Pictures with short captions:
====

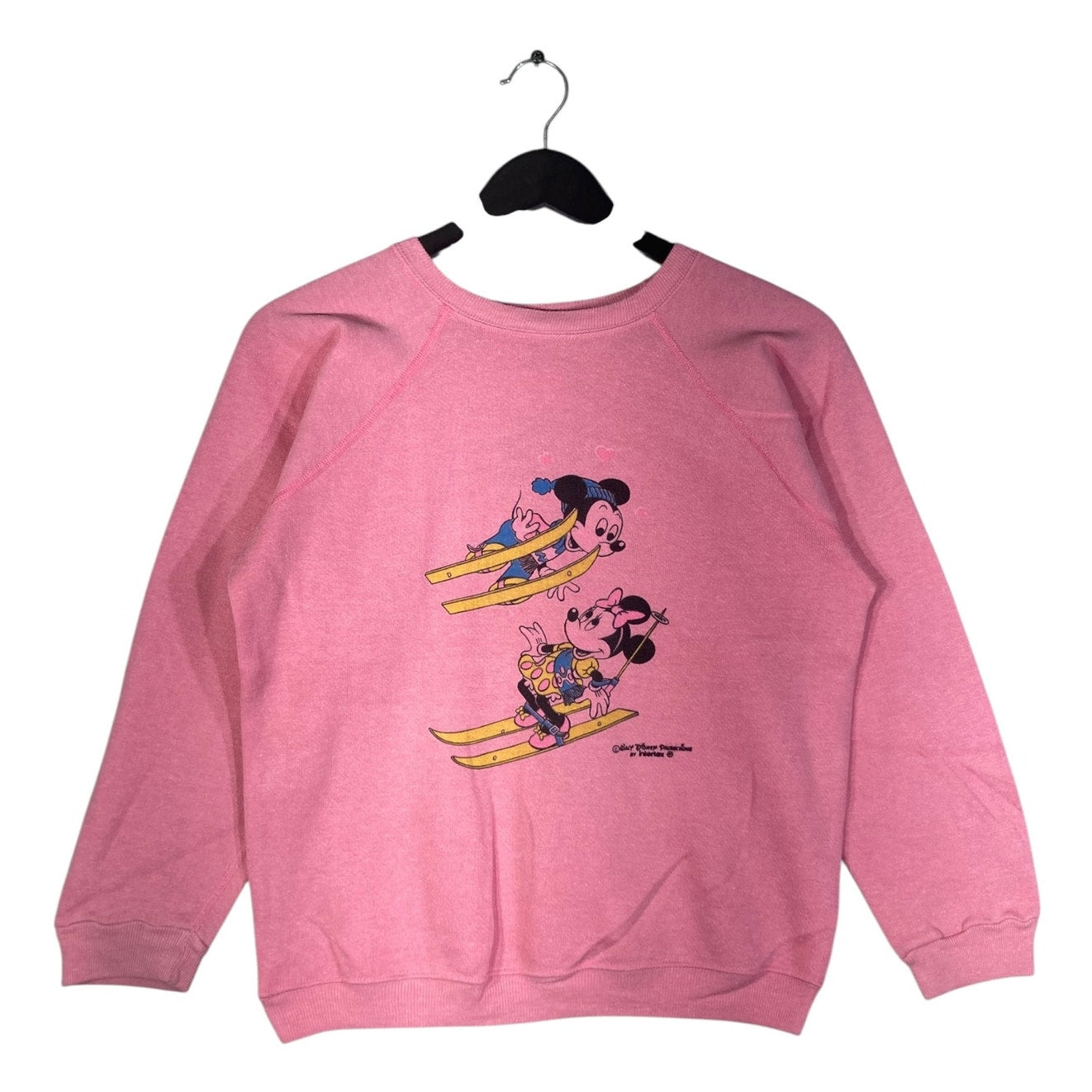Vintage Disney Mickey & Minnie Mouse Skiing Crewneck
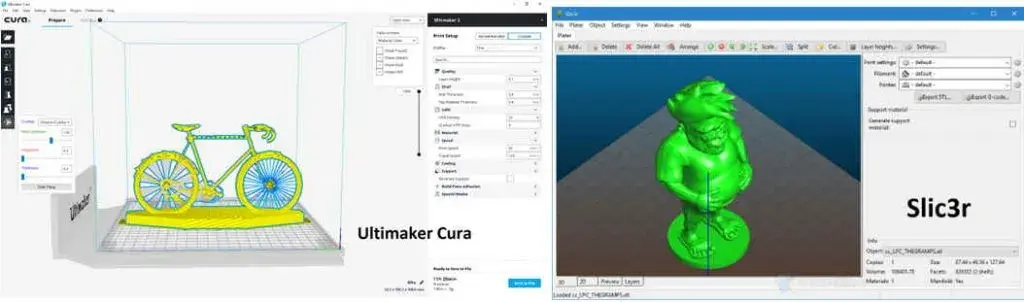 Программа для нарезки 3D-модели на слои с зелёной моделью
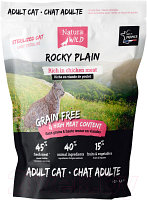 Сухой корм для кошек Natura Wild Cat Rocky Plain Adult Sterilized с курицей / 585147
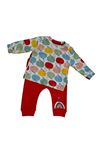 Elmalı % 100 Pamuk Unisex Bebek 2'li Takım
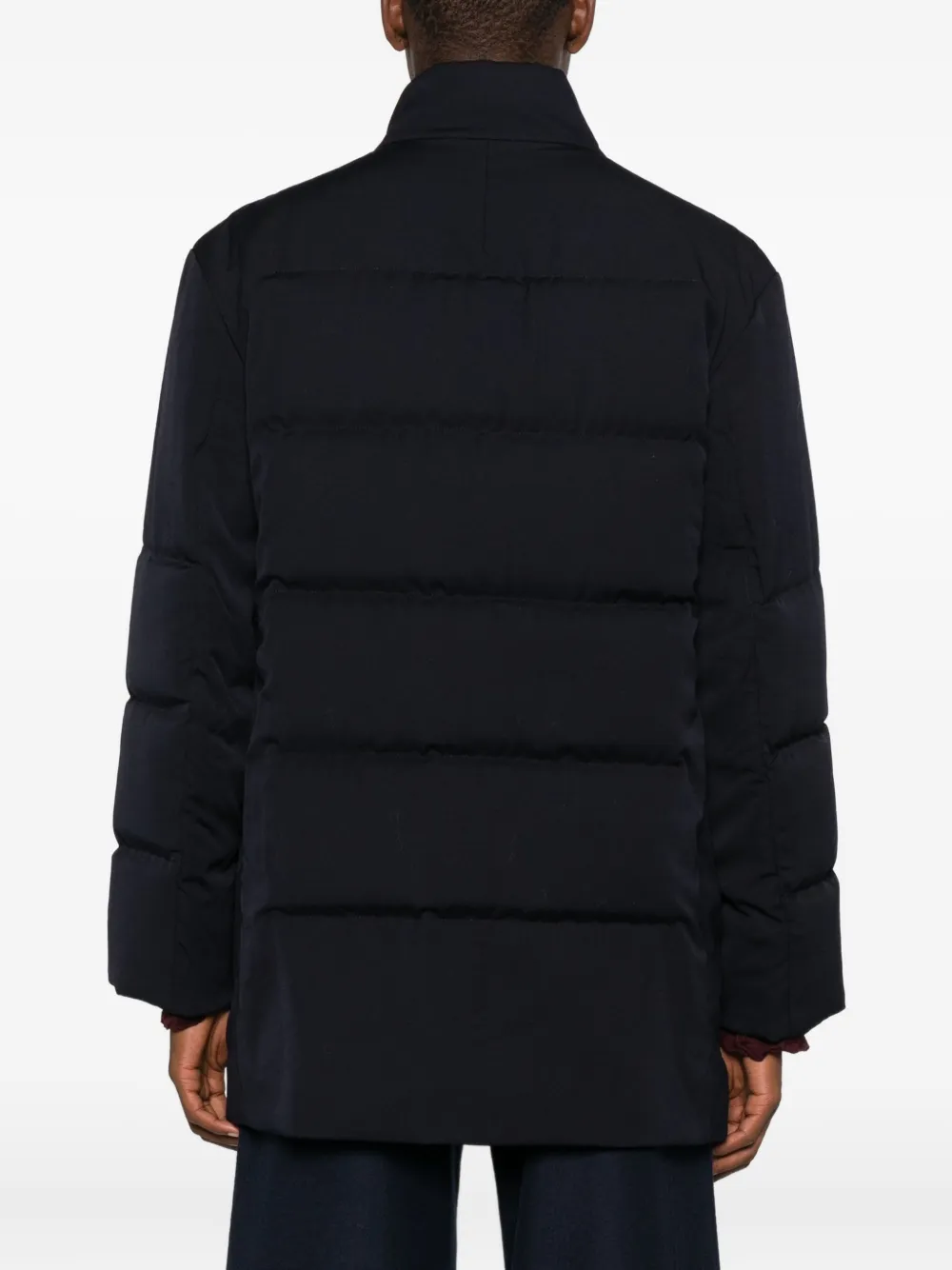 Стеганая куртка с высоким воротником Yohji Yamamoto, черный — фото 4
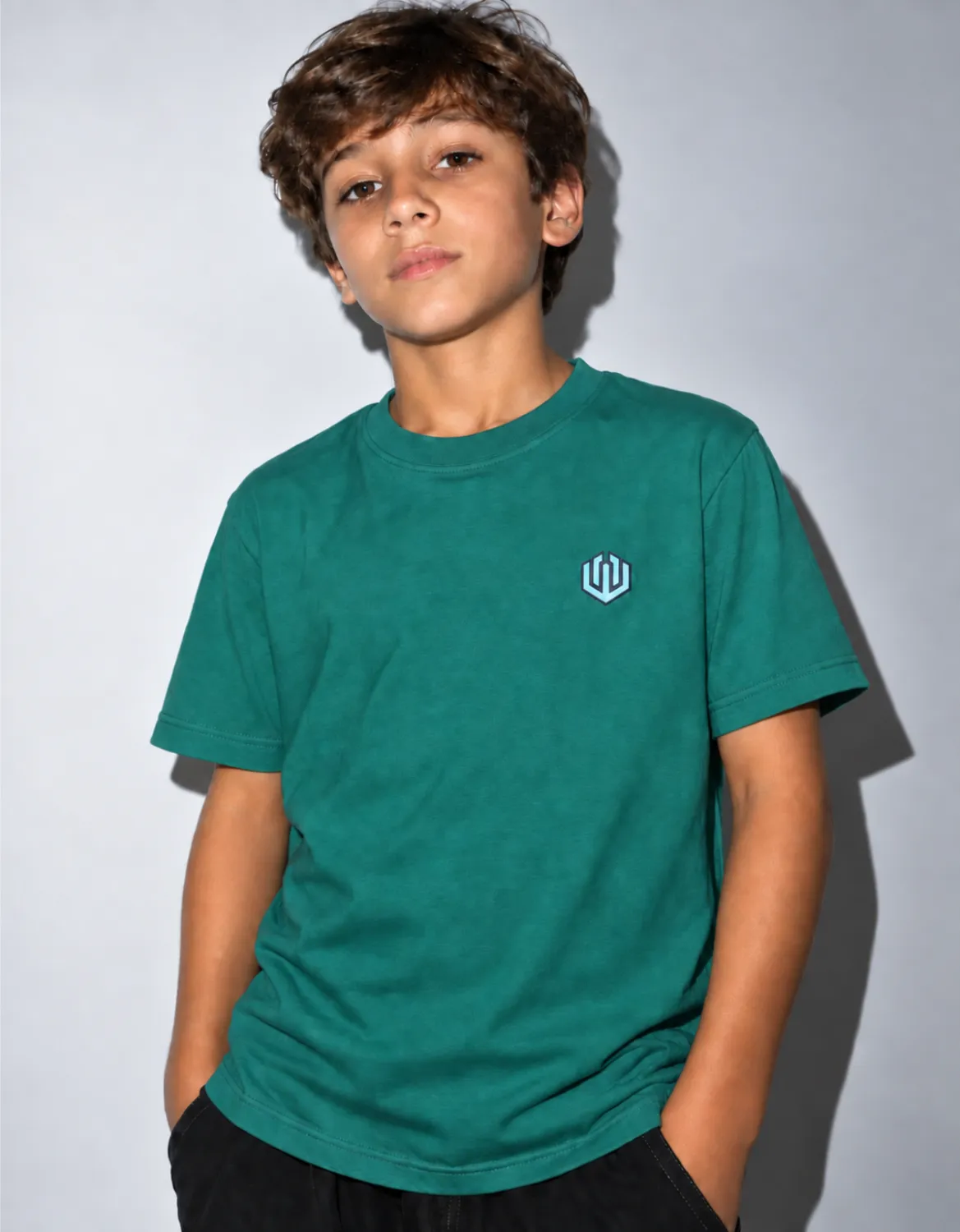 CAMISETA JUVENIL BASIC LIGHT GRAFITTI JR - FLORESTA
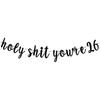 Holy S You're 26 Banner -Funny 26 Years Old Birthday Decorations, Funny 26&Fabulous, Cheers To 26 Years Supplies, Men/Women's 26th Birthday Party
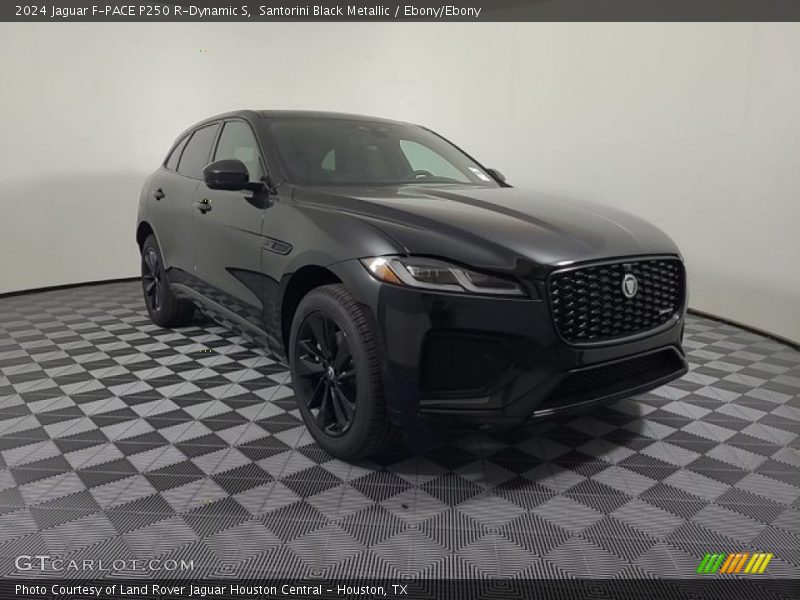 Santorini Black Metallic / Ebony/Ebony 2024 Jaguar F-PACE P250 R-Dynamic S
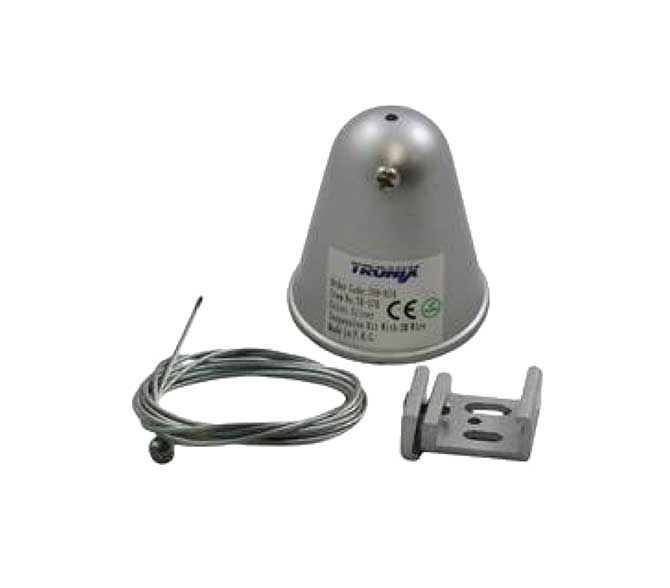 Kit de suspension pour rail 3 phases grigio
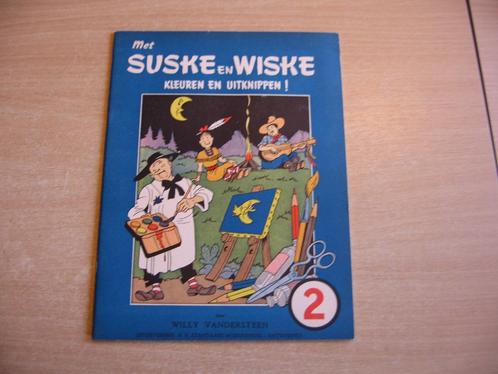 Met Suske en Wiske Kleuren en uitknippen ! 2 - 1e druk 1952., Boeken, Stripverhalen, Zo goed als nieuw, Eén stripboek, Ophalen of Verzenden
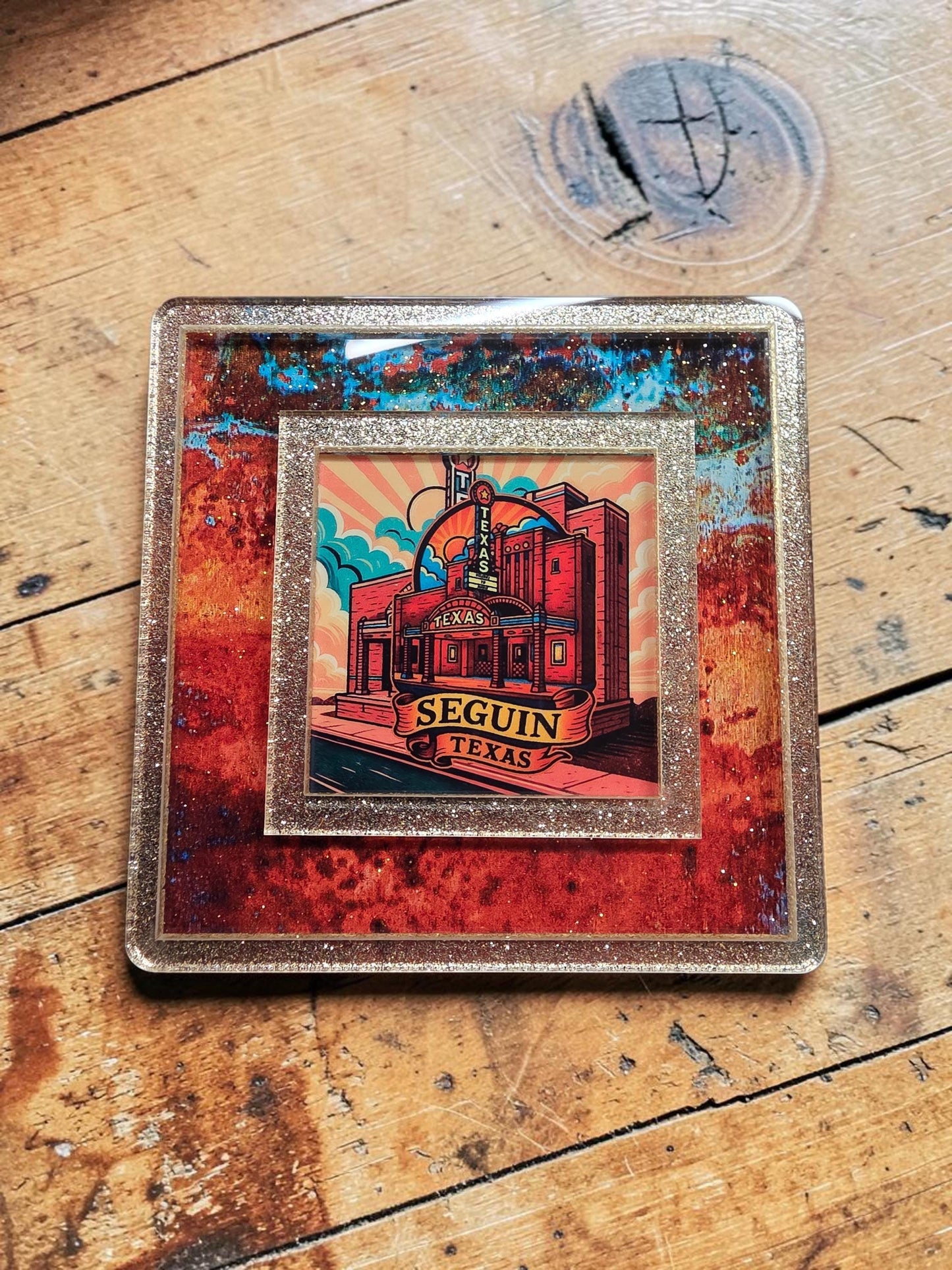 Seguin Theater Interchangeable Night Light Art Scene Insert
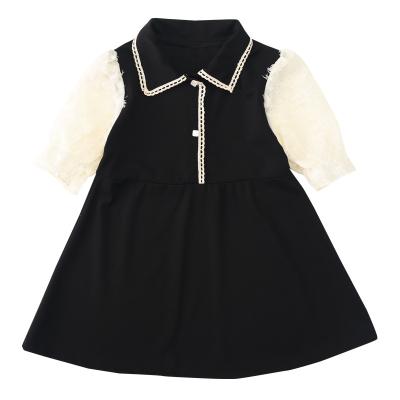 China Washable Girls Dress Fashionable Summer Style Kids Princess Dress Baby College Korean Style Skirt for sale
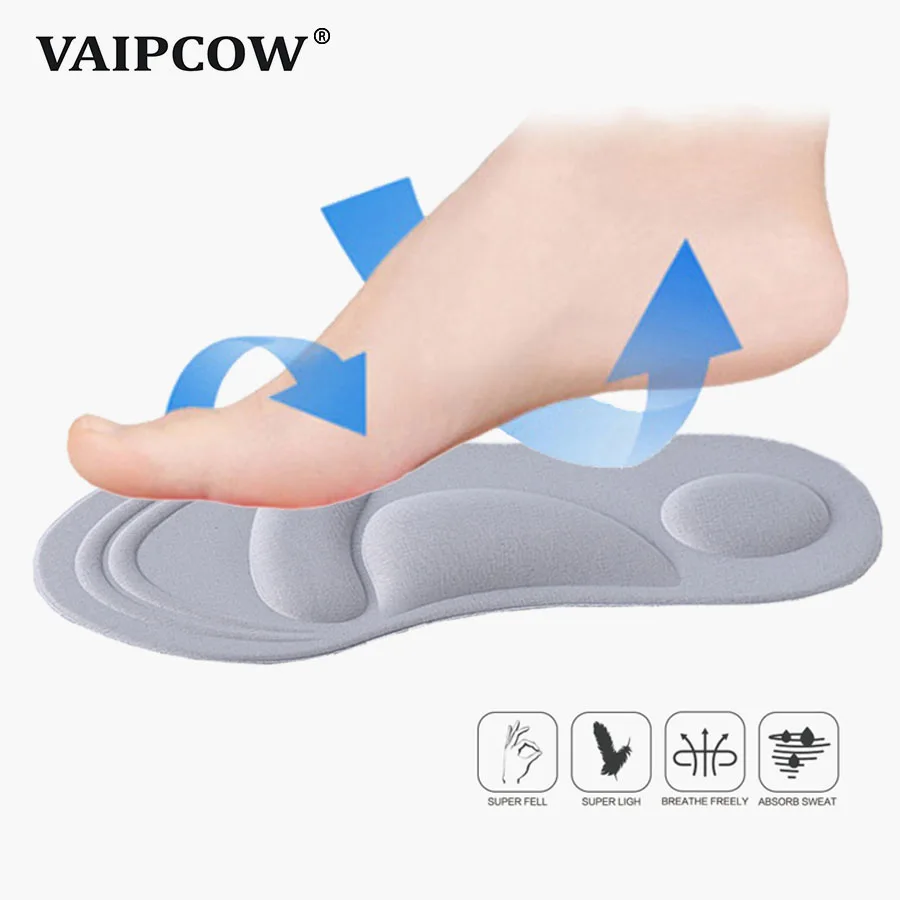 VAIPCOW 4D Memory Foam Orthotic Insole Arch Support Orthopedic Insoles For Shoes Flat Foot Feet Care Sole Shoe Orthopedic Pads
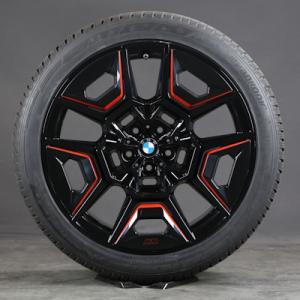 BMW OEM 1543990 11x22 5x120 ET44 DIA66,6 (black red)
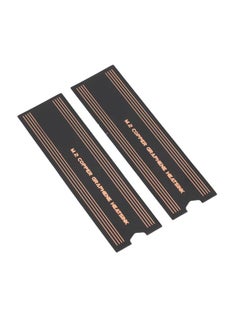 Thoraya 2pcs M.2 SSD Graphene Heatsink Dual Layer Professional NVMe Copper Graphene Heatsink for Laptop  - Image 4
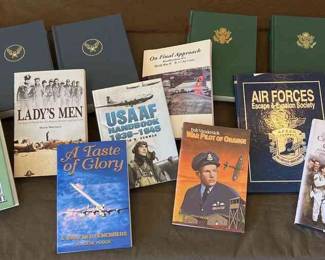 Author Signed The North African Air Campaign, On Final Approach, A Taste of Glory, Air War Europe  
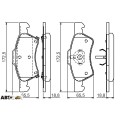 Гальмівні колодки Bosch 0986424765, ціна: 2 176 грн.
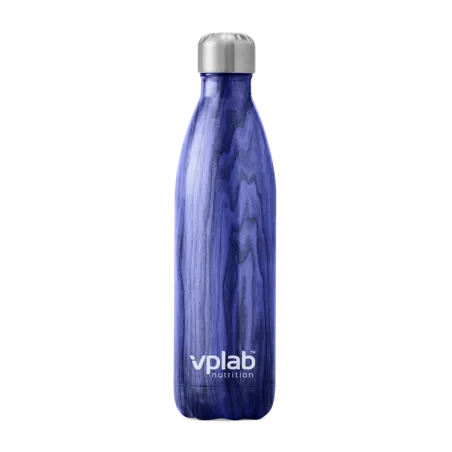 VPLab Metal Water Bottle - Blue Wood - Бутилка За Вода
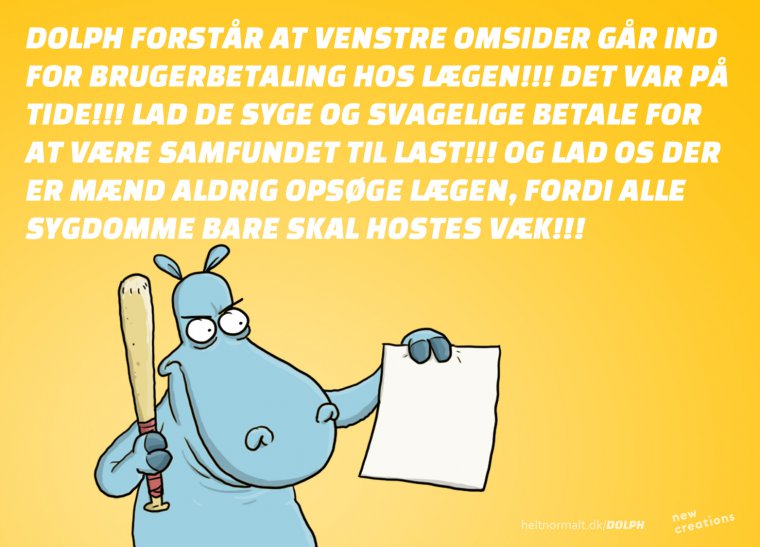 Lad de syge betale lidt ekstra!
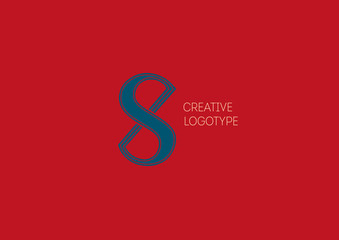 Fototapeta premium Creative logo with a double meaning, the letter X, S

====

- Task statement -
An exact transcription is needed of the lines from the one with "Author Signed The" to the one with "Lad de syge betale lidt ekstra!" above, both ends included, with pictures left out.

- Answer space -
 Author Signed The North African Air Campaign, On Final Approach, A Taste of Glory, Air War Europe  
 Гальмівні колодки Bosch 0986424765, ціна: 2 176 грн.
 VPLab Metal Water Bottle - Blue Wood - Бутилка За Вода
 Lad de syge betale lidt ekstra!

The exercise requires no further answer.